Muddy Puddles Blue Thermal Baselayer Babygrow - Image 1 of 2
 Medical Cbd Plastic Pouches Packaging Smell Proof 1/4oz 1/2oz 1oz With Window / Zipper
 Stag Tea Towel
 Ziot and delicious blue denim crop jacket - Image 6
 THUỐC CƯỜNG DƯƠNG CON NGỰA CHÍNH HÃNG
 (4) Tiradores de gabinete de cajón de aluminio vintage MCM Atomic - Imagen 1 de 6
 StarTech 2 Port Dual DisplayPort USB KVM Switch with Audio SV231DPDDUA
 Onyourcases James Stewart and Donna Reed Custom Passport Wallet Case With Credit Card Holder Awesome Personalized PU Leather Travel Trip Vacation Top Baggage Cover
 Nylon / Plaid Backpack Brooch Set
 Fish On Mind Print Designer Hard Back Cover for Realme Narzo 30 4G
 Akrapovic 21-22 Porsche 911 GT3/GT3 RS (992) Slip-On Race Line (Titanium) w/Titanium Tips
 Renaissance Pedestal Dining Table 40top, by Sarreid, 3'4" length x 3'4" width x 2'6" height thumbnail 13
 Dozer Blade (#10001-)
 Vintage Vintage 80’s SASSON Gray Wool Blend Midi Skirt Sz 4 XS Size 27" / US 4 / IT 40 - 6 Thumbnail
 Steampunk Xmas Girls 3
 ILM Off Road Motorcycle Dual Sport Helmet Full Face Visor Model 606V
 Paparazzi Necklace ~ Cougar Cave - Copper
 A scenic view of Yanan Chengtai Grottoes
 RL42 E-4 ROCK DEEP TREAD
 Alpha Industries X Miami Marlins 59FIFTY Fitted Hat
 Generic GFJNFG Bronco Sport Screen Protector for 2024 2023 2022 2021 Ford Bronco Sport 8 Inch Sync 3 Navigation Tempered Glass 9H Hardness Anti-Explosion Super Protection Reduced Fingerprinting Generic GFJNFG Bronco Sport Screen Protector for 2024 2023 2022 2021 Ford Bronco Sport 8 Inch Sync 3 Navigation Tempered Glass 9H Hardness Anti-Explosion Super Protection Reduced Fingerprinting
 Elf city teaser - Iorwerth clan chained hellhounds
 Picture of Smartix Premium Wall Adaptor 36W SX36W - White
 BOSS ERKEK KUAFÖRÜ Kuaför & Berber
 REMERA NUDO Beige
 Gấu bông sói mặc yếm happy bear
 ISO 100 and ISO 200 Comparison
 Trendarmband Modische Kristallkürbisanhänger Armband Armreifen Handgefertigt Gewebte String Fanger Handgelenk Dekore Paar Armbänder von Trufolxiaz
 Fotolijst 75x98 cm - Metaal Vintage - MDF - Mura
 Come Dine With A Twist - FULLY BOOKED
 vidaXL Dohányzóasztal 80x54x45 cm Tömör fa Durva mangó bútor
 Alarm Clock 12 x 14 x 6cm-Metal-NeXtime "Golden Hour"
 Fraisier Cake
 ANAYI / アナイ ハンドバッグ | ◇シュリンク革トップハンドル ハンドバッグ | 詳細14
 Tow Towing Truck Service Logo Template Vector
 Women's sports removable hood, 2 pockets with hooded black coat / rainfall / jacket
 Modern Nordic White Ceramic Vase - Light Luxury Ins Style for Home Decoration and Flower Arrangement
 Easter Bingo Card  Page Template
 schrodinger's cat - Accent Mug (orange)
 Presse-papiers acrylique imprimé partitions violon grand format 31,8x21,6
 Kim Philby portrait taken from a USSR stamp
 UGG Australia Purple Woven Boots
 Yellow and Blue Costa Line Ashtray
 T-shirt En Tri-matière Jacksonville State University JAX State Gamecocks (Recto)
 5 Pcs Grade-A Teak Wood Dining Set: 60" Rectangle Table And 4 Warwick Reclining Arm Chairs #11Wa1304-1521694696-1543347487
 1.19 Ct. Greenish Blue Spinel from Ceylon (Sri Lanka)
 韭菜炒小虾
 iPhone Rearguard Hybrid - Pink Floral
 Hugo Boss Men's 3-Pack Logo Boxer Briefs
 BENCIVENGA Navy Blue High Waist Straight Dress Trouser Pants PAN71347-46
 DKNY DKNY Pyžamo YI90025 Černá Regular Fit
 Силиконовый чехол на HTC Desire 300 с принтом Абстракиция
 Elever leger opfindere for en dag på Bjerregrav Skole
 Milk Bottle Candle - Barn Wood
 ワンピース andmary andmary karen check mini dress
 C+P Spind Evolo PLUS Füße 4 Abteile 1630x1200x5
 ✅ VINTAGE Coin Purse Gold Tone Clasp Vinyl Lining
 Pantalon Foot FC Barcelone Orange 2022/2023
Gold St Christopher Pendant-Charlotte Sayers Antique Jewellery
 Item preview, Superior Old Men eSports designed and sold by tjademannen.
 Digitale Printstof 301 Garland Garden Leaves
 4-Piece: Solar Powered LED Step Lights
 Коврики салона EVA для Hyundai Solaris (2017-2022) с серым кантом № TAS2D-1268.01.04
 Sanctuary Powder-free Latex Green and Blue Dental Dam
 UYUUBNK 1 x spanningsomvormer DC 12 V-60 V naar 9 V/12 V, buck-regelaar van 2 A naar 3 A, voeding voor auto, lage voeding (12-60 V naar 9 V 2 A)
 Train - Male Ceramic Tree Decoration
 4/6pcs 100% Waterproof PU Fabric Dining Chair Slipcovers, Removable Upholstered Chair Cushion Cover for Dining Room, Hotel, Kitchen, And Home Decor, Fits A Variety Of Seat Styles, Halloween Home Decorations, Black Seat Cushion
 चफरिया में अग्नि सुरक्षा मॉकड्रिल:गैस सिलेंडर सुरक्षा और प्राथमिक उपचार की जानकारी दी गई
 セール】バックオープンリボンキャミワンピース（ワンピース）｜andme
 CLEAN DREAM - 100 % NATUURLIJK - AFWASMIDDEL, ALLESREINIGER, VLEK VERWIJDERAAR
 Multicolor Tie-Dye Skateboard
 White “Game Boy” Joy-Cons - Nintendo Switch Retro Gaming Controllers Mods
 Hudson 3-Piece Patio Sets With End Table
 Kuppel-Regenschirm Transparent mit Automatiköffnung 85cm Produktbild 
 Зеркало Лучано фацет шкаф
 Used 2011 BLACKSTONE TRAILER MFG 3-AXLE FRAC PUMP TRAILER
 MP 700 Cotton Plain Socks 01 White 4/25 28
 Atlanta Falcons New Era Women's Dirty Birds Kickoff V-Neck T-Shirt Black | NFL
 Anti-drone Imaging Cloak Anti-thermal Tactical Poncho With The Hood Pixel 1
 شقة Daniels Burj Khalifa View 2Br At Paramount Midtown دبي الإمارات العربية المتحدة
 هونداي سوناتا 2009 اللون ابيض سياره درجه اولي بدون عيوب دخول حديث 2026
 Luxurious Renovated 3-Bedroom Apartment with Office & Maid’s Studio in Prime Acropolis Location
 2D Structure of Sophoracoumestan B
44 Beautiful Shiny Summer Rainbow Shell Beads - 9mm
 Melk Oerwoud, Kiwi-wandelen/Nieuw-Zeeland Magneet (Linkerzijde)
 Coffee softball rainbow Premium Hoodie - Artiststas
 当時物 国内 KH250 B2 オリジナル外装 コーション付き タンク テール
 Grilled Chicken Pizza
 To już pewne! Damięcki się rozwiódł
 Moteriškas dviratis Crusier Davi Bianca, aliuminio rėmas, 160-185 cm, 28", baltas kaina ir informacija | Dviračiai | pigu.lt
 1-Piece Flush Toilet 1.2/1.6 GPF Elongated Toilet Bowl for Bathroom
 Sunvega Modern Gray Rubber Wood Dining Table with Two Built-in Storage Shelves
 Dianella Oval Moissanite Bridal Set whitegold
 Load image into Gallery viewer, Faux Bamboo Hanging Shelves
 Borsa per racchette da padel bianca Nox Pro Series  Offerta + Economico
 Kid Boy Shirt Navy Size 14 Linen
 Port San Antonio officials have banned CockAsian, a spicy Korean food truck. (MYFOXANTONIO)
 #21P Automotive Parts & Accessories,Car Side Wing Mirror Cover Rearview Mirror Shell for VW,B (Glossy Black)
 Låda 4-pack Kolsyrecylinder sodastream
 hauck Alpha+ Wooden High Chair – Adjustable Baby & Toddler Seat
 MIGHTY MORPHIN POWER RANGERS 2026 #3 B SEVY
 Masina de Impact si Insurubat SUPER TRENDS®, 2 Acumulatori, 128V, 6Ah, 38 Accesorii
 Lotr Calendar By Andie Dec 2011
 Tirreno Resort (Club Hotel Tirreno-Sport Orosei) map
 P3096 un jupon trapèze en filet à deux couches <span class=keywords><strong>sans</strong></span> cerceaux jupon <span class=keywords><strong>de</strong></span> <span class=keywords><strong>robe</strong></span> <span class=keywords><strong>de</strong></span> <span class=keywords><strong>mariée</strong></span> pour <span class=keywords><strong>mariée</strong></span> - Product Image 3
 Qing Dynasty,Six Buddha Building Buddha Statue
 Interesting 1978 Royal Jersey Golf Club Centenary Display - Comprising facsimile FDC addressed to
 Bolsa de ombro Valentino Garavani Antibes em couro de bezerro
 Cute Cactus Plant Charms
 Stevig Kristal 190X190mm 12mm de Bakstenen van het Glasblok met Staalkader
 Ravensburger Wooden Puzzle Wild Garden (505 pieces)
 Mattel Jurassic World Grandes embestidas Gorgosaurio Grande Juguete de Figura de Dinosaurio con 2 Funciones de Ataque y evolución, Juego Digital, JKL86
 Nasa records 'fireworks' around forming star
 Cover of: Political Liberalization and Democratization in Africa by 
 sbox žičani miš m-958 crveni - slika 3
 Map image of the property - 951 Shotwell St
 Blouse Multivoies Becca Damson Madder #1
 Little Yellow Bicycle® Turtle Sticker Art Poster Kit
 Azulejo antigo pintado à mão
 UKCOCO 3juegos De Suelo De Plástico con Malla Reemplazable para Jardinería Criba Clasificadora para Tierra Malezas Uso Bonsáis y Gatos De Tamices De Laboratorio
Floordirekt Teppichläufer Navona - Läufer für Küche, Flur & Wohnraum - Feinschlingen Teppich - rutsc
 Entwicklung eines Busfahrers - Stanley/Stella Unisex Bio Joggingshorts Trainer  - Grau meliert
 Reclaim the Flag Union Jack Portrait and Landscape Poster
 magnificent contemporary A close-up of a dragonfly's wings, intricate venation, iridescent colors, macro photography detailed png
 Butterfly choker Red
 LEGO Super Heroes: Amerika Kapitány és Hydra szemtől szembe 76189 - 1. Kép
::::::
• Your assignment: Each line in the records above that contains the word "ワンピース" must be copied.

• Your response:
 ワンピース andmary andmary karen check mini dress
 セール】バックオープンリボンキャミワンピース（ワンピース）｜andme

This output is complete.